His position as Admor was inherited by his eldest son, Rabbi Avraham, whose brother, Rabbi Eliezer (Reb Laiserel), became the Admor in Jezupol. He had two sons – Rabbi Uri, who inherited his father's position in Jezupol, and Rabbi Nachum, who became the rabbi of Stratyn in the year 1865 at the age of eighteen. After a few years he moved to Bursztyn and was the Admor there until 1914. He was a Cabalist and a very erudite man who published four books on Cabala – Imre Tov, Imre Chaim, Imre Brachah, and Imre Ratzon. He established a stately court in Bursztyn where a large number of “residents” lived at his expense. There were many “Stratyner Hasidim” in the surrounding towns of Bursztyn, Rohatyn, Bukaczowce, Bolszowce, and Nadworna. After his passing in 1915 the Stratyn court was divided up into two courts – one headed by his son, Eliezer, and the other, by his son-in-law, Rabbi Isaac of Podhajce. The son of Rabbi Eliezer, Rabbi Moshe, renewed his grandfather's court in Bursztyn in 1935. He was killed together with his wife and children during the Holocaust.

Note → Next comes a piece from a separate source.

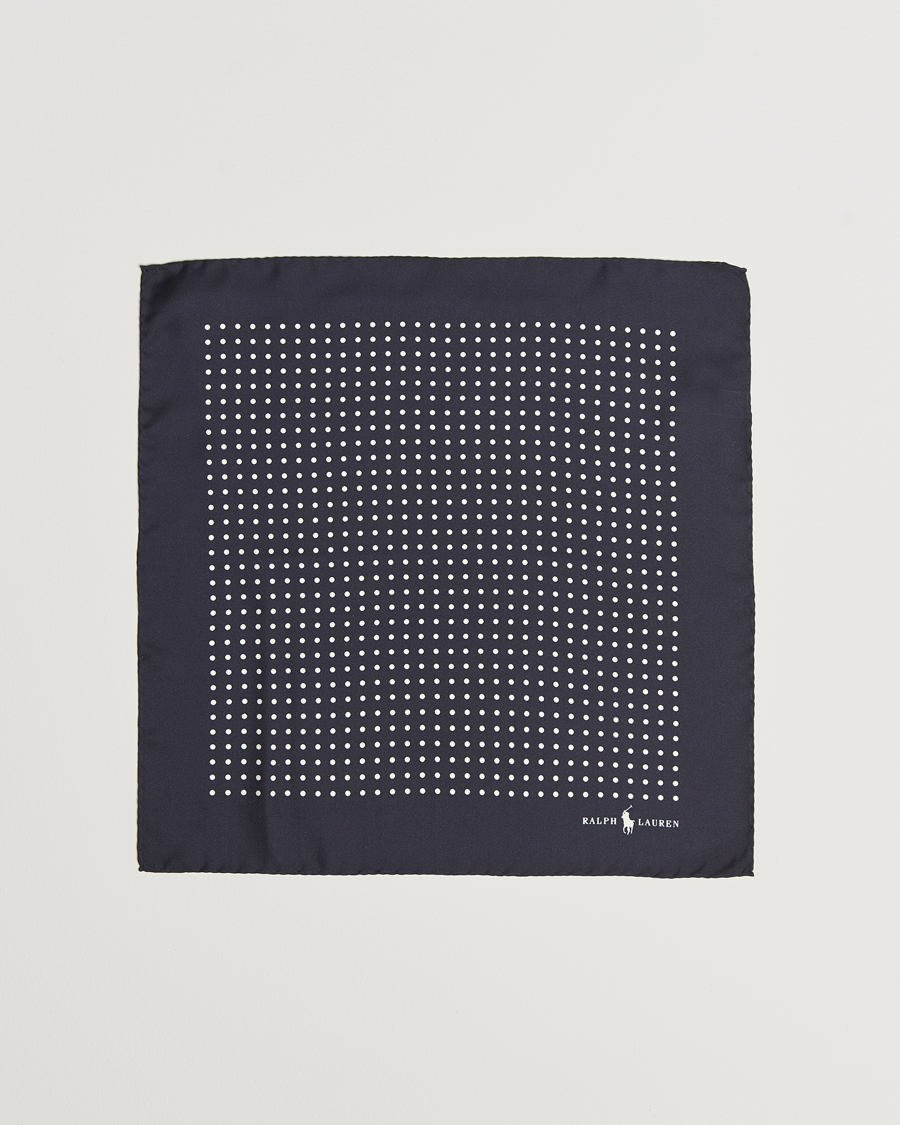Hombres | Pañuelos de bolsillo | Polo Ralph Lauren | Silk Dot Pocket Square Navy/White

Bolszowce: Bolszowce is first mentioned in documents dating from 1436. In 1578 it became the property of the Szeniewski family who owned it until 1624. In the year 1624 it became a town with the right of holding markets. The marketing fairs for oxen were especially well known. In the 19th century the town was owned by Kornel Kaszczonowicz, a well-known Polish statesman, who was a member of the Sejm of Galicia as well as a member of the Austrian parliament.